How can I find out more?
Everybody is welcome to attend Ultreyas, group reunions, study and quiet days, and refugios. These can be a good way to get a flavour of Cursillo. Take a look at our Events page to see what’s coming up.
Talk to people who are already involved in Cursillo. You may find that some people are quite secretive about it – don’t let that put you off! It’s an attitude that was quite common in the early days of Cursillo in the UK (people didn’t want to spoil a wonderful surprise!) but we’re aiming to be more open now, so if you don’t get a satisfactory answer from one person, do try somebody else. You’re welcome to contact the lay and spiritual directors for more information too.
Make a friend, be a friend, bring a friend to Jesus!
"To reawaken people to the calling they received in their baptism to be witnesses for Christ, to give them the stimulus to plan ways of doing this, and to provide support structures through which they can encourage each other and hold each other accountable before God for their lives as Christian witnesses."

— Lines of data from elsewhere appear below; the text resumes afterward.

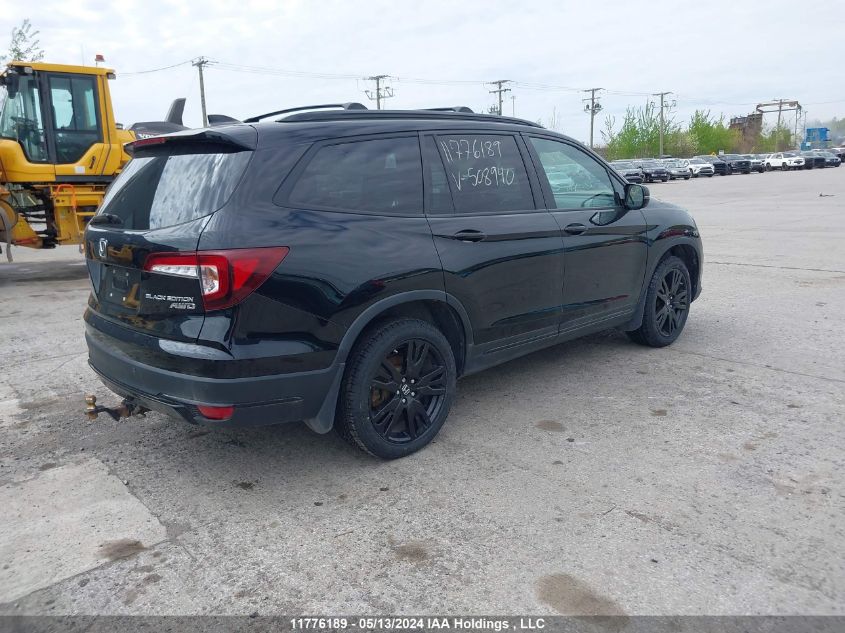 2019 Honda Pilot Elite VIN: 5FNYF6H04KB508940 Lot: 11776189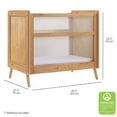 thumbnail image 3 of BreathableBaby 2-in-1 Breathable Mesh Mini Crib with Mattress, Beech, Greenguard Gold Certified, 3 of 6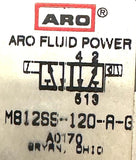 ARO M812SS-120-A-G Fluid Power Solenoid Valve A0170 W/ Coil 114 138-33 120VAC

Revd Canon Christopher Lewis, "Cursillo, a Sabbatical Study Report", 1991
Cursillo talks (rollos)
While the 'rollos' (talks) that you will hear on a Cursillo will be specific to that event, personal to the team member delivering them, and potentially even sensitive, each one is based on an outline from the Episcopal Church (USA) supplied by the British Anglican Cursillo Council (BACC). You can find those outlines on the BACC website, as follows:
Guidelines for sponsors
Supporting someone through a Cursillo as a sponsor is an undertaking of considerable responsibility and you should reflect prayerfully before you invite someone to be a pilgrim.